A República Popular Democrática da Coreia (RPDC, Norte) e a República da Coreia (Sul) decidiram que suas delegações esportivas vão desfilar juntas sob uma bandeira única na abertura dos Jogos Olímpicos de Inverno que se realizarão em fevereiro na capital sul-coreana, Seul.

Arco da Reunificação, localizado em Pyongang, capital da Coreia Popular.

É mais um passo adiante resultante do diálogo entre as duas partes, que decidiram também formar uma equipe única de hóquei feminino no gelo. A Coreia Popular enviará uma delegação de 550 pessoas, incluindo 230 animadores de torcida, 140 artistas e 30 atletas de taekwondo para uma demonstração, além de uma delegação aos jogos paralímpicos.

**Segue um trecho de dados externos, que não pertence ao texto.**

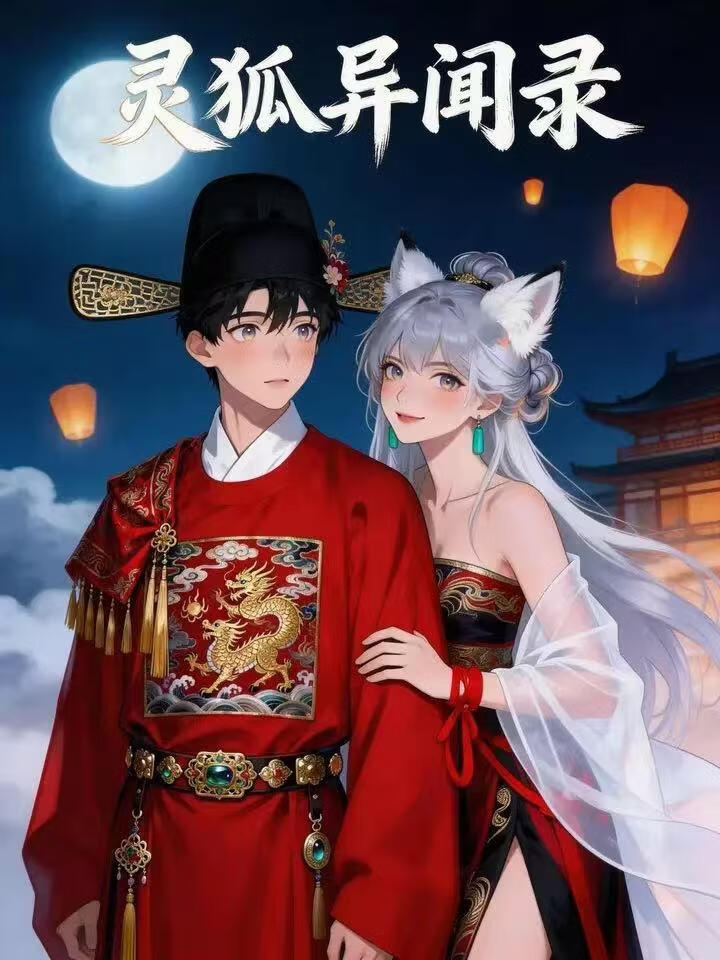 灵狐异闻录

O diálogo entre os dois paises resulta de uma proposta do presidente da República Popular Democrática da Coreia (RPDC), Kim Jong Un, em sua mensagem de Ano Novo, em 1º de janeiro.

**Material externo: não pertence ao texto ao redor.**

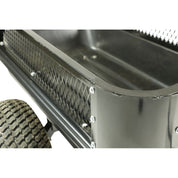 Impact Implements ATV Heavy Duty Utility Cart and Cargo Trailer- 1500lb Cap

As reações no campo imperialista variam entre o constrangimento e a surpresa. Pasmada e balbuciante, a mídia dá contrafeita a notícia do avanço do diálogo, mas aproveita a ocasião para enxovalhar o governo da RPDC com as acusações de sempre.

O Japão, sempre provocador quando o tema é a Coreia, adverte que , apesar do início do diálogo , é necessário continuar pressionando e sancionando a RPDC. Os Estados Unidos convocaram para Vancouver (Canadá) uma reunião na última terça-feira (16), cujo fim era aumentar as pressões sobre a Coreia Popular. A China rechaçou a manobra.

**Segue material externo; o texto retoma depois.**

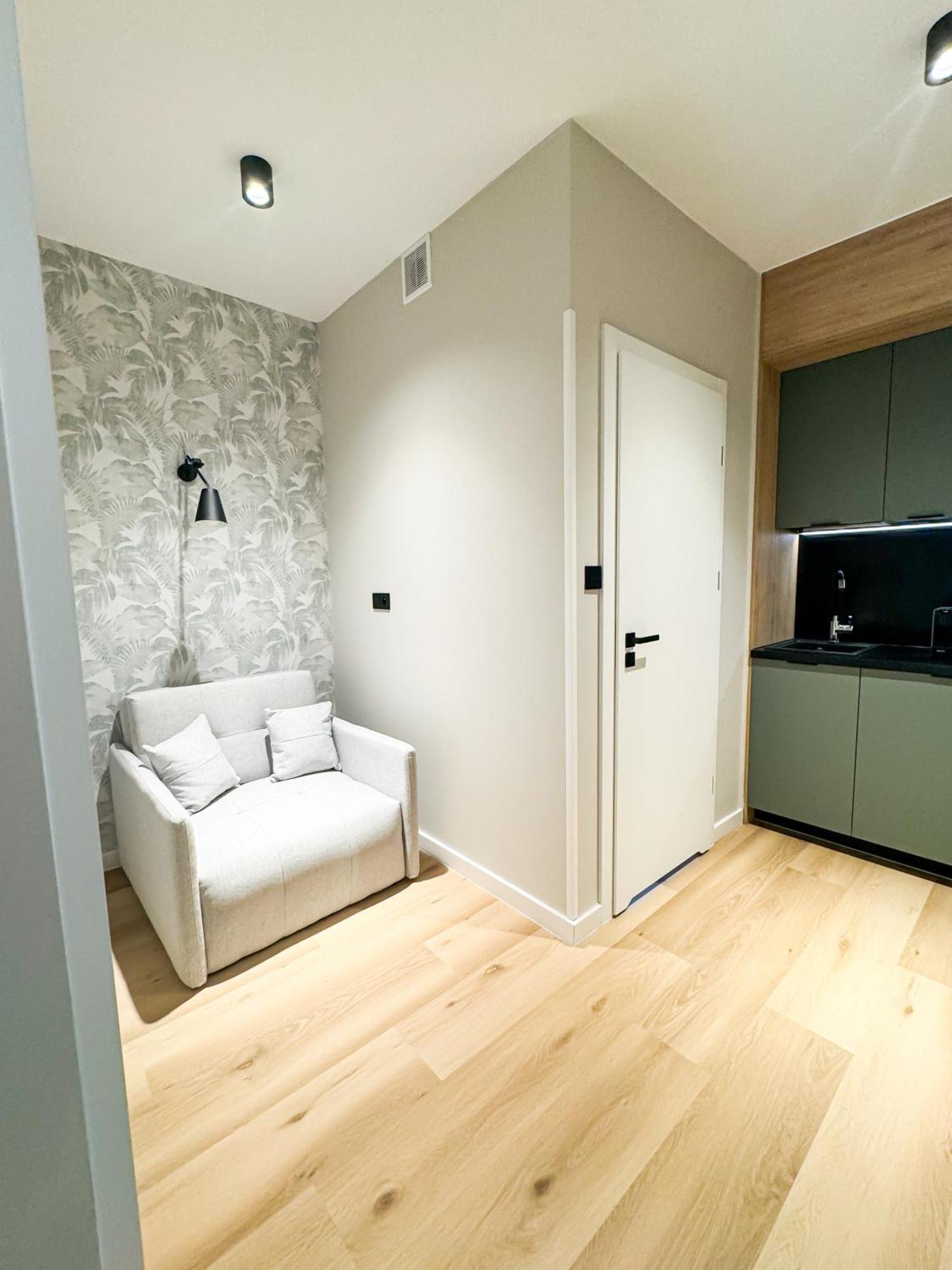 Apartamenty Modra Warszawa Extérieur photo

Na verdade, o governo de Kim Jong Il deu um “nó tático” no imperialismo estadunidense e seus aliados, como se diz em linguagem esportiva. Demonstrou que sabe mover-se no complexo tabuleiro da geopolítica e da diplomacia.

De ambos os lados da Península Coreana, a população entoa os versos da canção folclórica “Arirang”, homenagem à pátria comum.